Dat de TU/e het aanbod introk, heeft volgens Kashani te maken met zijn Iraanse afkomst. De rechter acht dat vermoeden gerechtvaardigd. Deels omdat een afwijzing in het laatste stadium zeer ongebruikelijk zou zijn. ‘Een dergelijk onverwacht en opmerkelijk besluit vereist een deugdelijke toelichting. Naar het oordeel van de kantonrechter heeft de TU/e die niet gegeven’, staat in de beoordeling. ‘Het ontbreken van een deugdelijke toelichting rechtvaardigt naar het oordeel van de kantonrechter het vermoeden dat er andere redenen, zoals de nationaliteit van [eiser] , een rol hebben gespeeld bij het afzien van de benoeming.’
Tegendeel bewijzen
Kashani bracht volgens de rechter feiten en omstandigheden naar voren die wijzen op een mogelijke relatie tussen de afwijzing en zijn nationaliteit. Daardoor moest de universiteit aantonen dat het ontslag daar geen verband mee hield. Hoewel de universiteit in haar verweer aangaf dat de afwijzing kwam door twijfels in verslagen van onder andere de Recruitment Benoemingsadviescommissie, overlegde de TU/e geen enkel stuk dat inzichtelijk kon maken hoe tot het besluit om de benoeming in te trekken is gekomen. Daarmee kon de universiteit niet overtuigend aantonen dat discriminatie geen rol speelde in dat besluit.

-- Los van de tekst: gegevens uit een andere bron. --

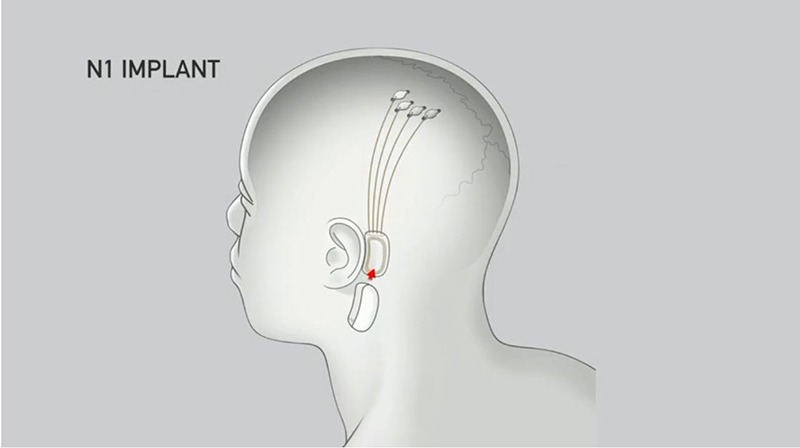 BCI Neuralink Implant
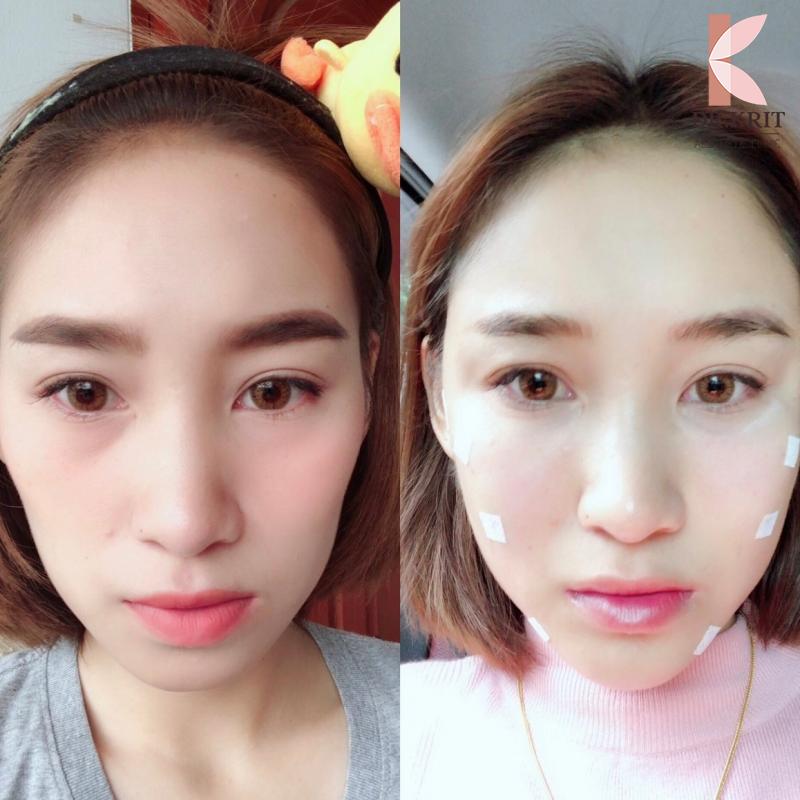 เติมไขมันหน้าเด็ก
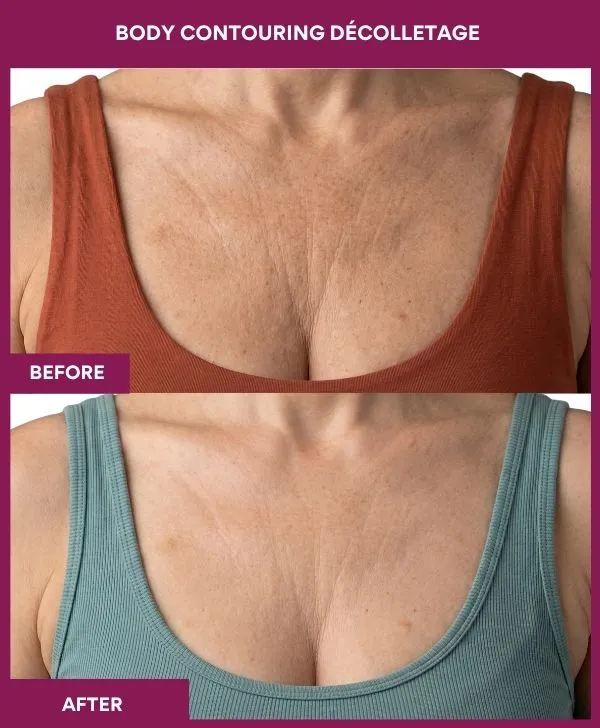 Body-contouring-Décolletage-treatment-before-after-results-mumbai-patient04-front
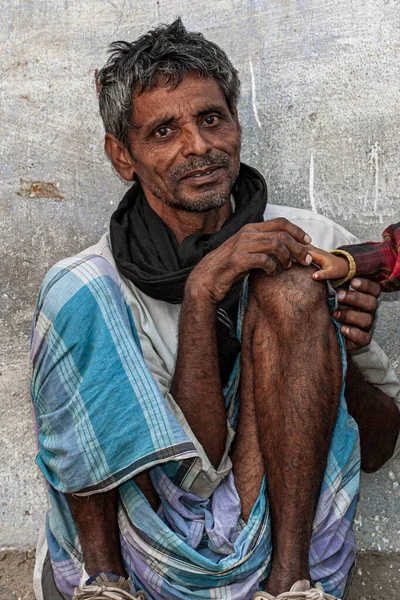 Sundarpur India 2013 Unidentified Indian Leprosy Patient Local Leprosy Hospital — 图库照片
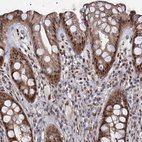 Immunohistochemical staining of human rectum shows strong nuclear and cytoplasmic positivity in glandular cells and lymphoid cells.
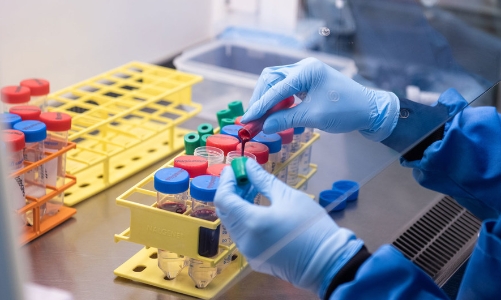 Biến chủng Covid-19 tìm thấy ở Anh có thể gây mất tác dụng vaccine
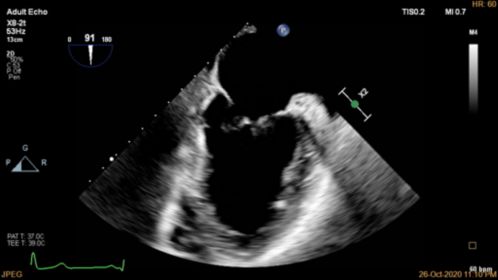 2D TEE of Left Ventricle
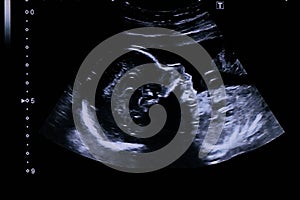 Profile of the 20 weeks old baby fetus face and chest during a halfway ultrasaound examination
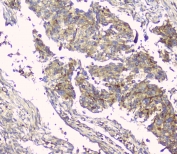 IHC staining of FFPE human lung cancer with HAS1 antibody at 1ug/ml. HIER: boil tissue sections in pH6, 10mM citrate buffer, for 10-20 min and allow to cool before testing.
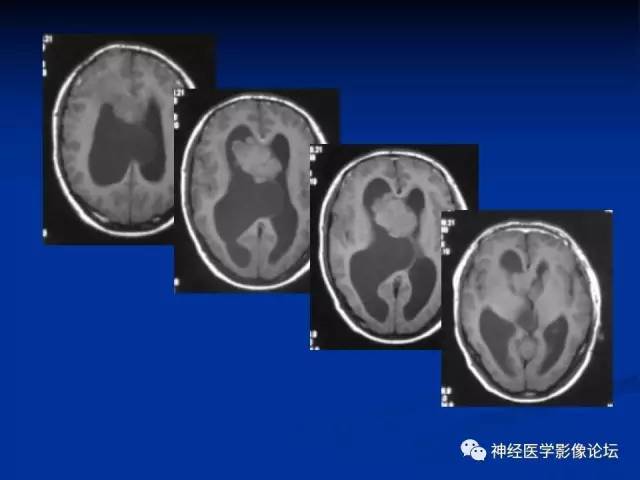 【病例】不伴结节硬化的室管膜下巨细胞星形细胞瘤1例MR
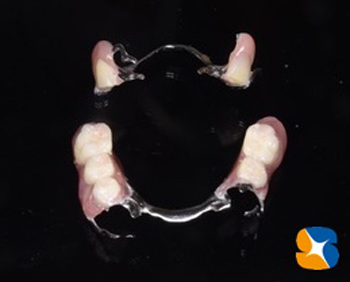 ナチュラル入れ歯　ノンクラスプ入れ歯　ヒューマン入れ歯　沈まない入れ歯　金具バネを隠す見えない入れ歯　鈴木歯科医院　石切駅前1分　問題点を解決した部分入れ歯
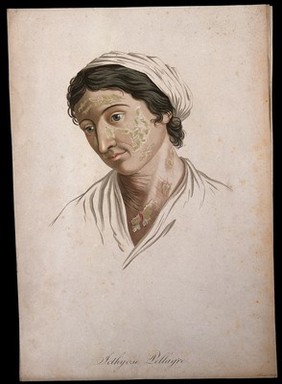A woman with a skin disease on her face and neck. Coloured stipple engraving by S. Tresca after Moreau-Valvile, c. 1806.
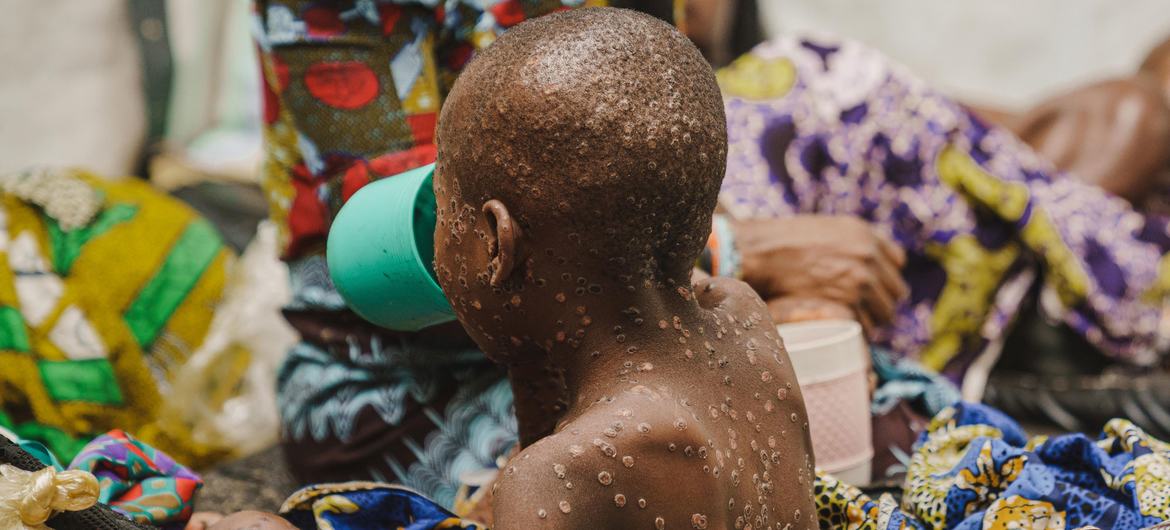 A child suffering from mpox at the mpox isolation unit of the UNICEF-supported Kavumu Hospital in South Kivu province, DR Congo. (July 2024)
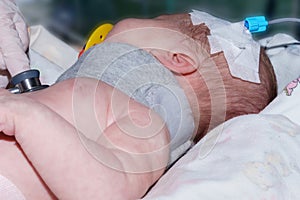 Doctor doing auscultation newborn baby with peripheral intravenous catheter and orthopedic collar in neonatal intensive care unit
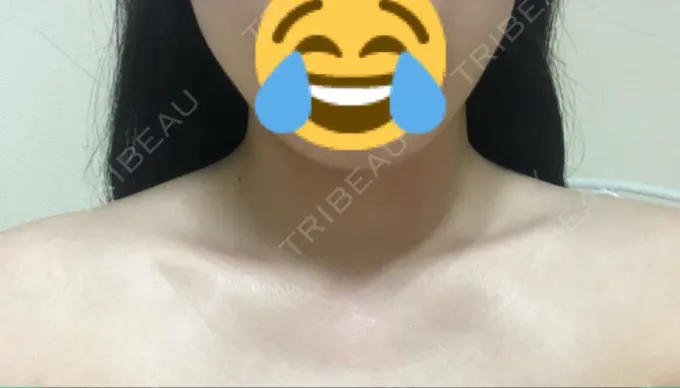 ボトックス（肩） 洗足整形・形成外科 DAY 4 メイン用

Een ‘discriminatoire opzegging’ wordt als ernstig verwijtbaar handelen of nalaten van de werkgever aangemerkt, daarom besloot de rechter het volledige salaris van het eenjarig contract dat was aangeboden aan Kashani toe te kennen. Dat gaat om iets meer dan honderdduizend euro. Ook moet de universiteit zijn proceskosten vergoeden.
De TU/e wil volgens woordvoerder Ivo Jongsma de uitspraak nu eerst goed bestuderen. “Vanuit daar gaan we kijken wat we ermee doen. Meer kunnen we er op dit moment nog niet over zeggen.”